The Sisoftware article suggests that there may be something about the AES-256 algorithm which exceeds the cache capacity of the Nexus 4. If you have data or an algorithm which does not fit in the L1 cache, then you will waste time pulling in the same data multiple times. Sisoftware is limited in the article to drawing conclusions based on the benchmark numbers. We can perform a deeper analysis using our Prism tool technology so let’s see if they are right.

Replicating the results

To reproduce the results we took an existing implementation of the Rijndael cypher from the mibench benchmark and compiled it for Android. We ran it on both a Nexus 4 and a Nexus 7 to compare the Krait and the Cortex-A9. We were comparing the complete systems, so there could be other differences, such as memory bandwidth, playing a part. We chose a large block of text as our test data so that the encryption takes about 9-10 seconds on the devices.

Test Nexus 4 – nanoseconds Nexus 7 – nanoseconds Performance Ratio Nexus 4 – cycles Nexus 7 – cycles
Rijndael – Encrypt 9115916376 10718004000 1.18 13673874564 12861604800
Rjindael – Decrypt 9063695997 10474305000 1.16 13595543995.5 12569166000

Similar to the Sisoftware test, we can see that the Nexus 4 is faster. But, disappointingly, only by around 18%. It is clocked 25% faster, should have faster memory and may even some other advantages. So something does not seem quite right.

Digging deeper

Now we have these results, we wanted to examine the reasons behind the behaviour. To provide some illumination we turned to the Prism Technology Platform, our profiling and analysis suite. It instruments the application under analysis at runtime and allows us to gather comprehensive information about the memory and processing characteristics of an application in order to identify areas of poor performance. Because it tracks all data accesses, we can build a picture of how well an algorithm is using the cache by modelling the cache’s attributes.

Device Instructions Cache Line Length
Cache Size
Number of Cache
L1 Data Cache Misses
L1 Data Cache Misses
Nexus 4 15885136198 64 16 256 419 7455912
Nexus 7 15885135967 32 32 1024 760 0

Examining the results showed a clear difference. The first time we load a line of data into the cache we have no choice, it will always be a cache miss, so we call it a compulsory miss. These are recorded separately and showed that the Nexus 4 loads up fewer, longer cache lines as expected. The interesting comparison is with the number of cache lines the two L1 caches have. We can see the Nexus 4 is trying to load more data than can fit in its cache. Because of this, we see that it has capacity misses, times when data has to be reloaded into the cache because it has been evicted by something else. Whenever we miss the L1 cache we incur a performance penalty as the L2 cache is slower. We do not have timing information for the Krait, but the Cortex-A9 has an L2 latency of 8 cycles compared with 1-2 for L1. So the Nexus 4 performance is being reduced because of the size of its cache. Without more detailed architectural information it is hard to estimate exactly what effect the cache misses are having on the algorithm, except to say that the Nexus 4 will certainly be slowed as a result.

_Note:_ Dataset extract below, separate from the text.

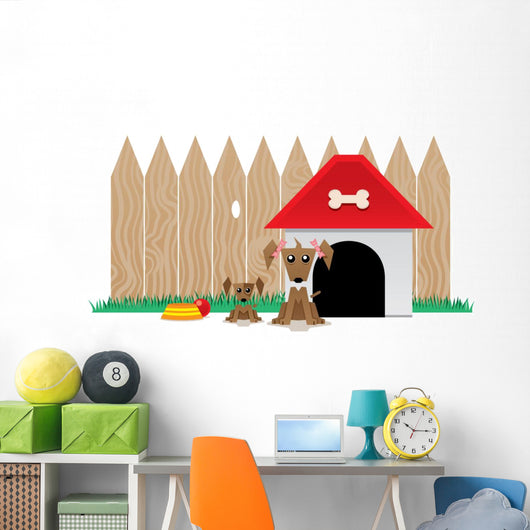 Mother dog and her puppy Wall Decal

We can improve our confidence in that conclusion by adjusting the Rjindael algorithm. Our implementation by default uses a number of 8kb tables. Instead we can use slower 2kb tables which should make everything fit into the smaller cache of the Nexus 4.

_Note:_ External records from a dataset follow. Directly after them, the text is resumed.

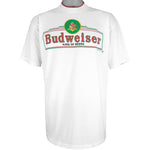 Vintage (Budweiser) - King Of Beers Single Stitch T-Shirt 1990s X-Large Vintage Retro
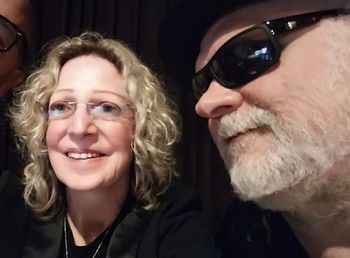 Jan with CD producer and frequent musical partner, Ricky Gulliver Godfrey
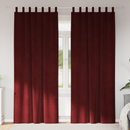 vidaXL Sötétítő függönyök 2 pcs Bordó 140 x 245 cm Bársony
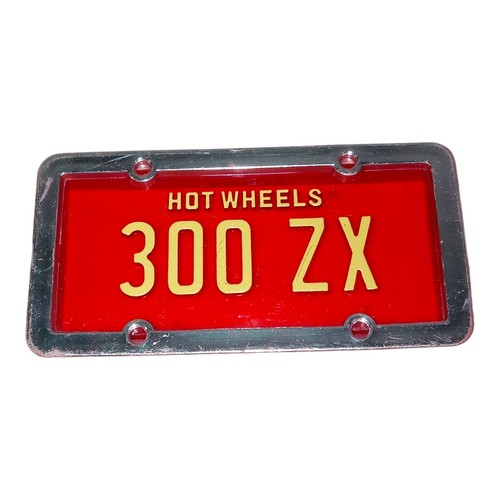 Vtg Hot Wheels Park N Plate Mini Plastic License Plates Lot of 3 - Picture 2 of 11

Test Nexus 4 – nanoseconds Nexus 7 – nanoseconds Performance Ratio Nexus 4 – cycles Nexus 7 – cycles
Rijndael – Encrypt (Smaller Table) 9751472633 14872027000 1.53 14627208949.5 17846432400
Rjindael – Decrypt (Smaller Table) 13286006396 19539650000 1.47 19929009594 23447580000

Our changes have made the test run slower on both devices, but the relative performance has changed in favor of the Nexus 4. With the working set of data now inside the 16kb limit of the L1 cache, the performance penalty disappears and the Nexus 4 is about 1.5 times faster than the Nexus 7.

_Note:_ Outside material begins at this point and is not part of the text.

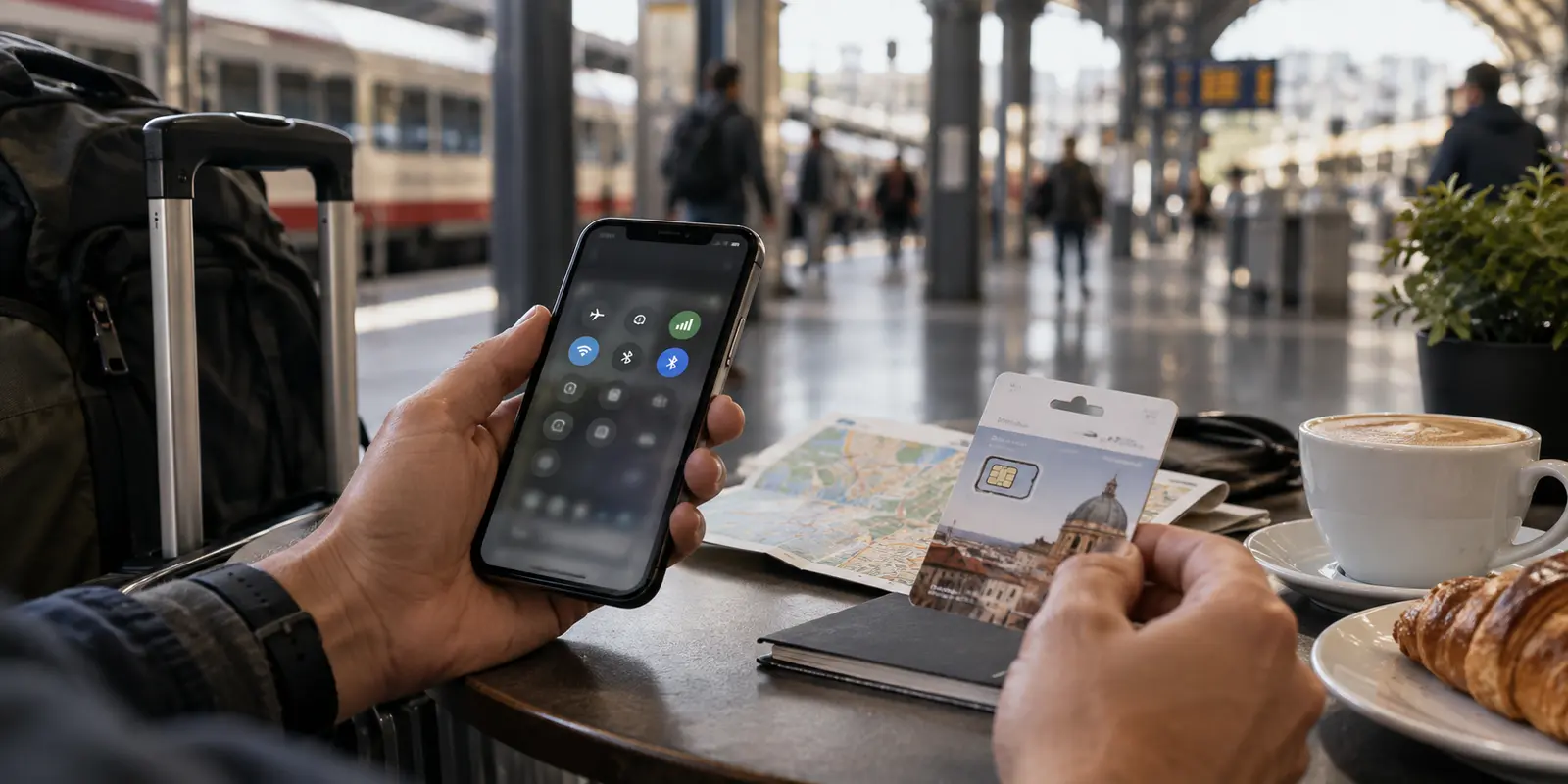 Keeping the VPN constant makes the underlying cellular route easier to compare.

Same problem, different place

We went on to survey a range of benchmarks, looking for unusual results to analyze further. One which jumped out at us was the performance of the Nexus 4 on the Mandelbrot part of the Smartbench benchmark. The Nexus 4 was faster overall, but achieved a Mandelbrot score of around 3000. The Nexus 7 scored over 4200 despite having a slower processor. Further investigation revealed that the Benchmark was spending a lot of time in the libskia library. At its lowest level it was spending a lot of time drawing the pixels which make up the fractal images, but the associated execution time is spent in a large number of functions. Using Prism we were again able to simulate the behavior of the L1 cache.

Device Instructions L1 Instruction Cache Misses
L1 Instruction Cache Misses
L1 Instruction Cache Miss Bytes
Instruction Cache Unused
Instruction Unused %
Nexus 4 3236505383 3065 15431998 987647872 550337409 55.7%
Nexus 7 3765191562 6892 2538686 81237952 35526175 43.7%

This time the difference that stands out is in the instruction cache. The Nexus 4 has about 13 million more cache misses than the Nexus 7. This benchmark fragment uses about 1/3 of the instructions of the Rijndael example but has almost twice as many cache misses so the performance impact of having to go to the L2 cache to fetch instructions will be even greater.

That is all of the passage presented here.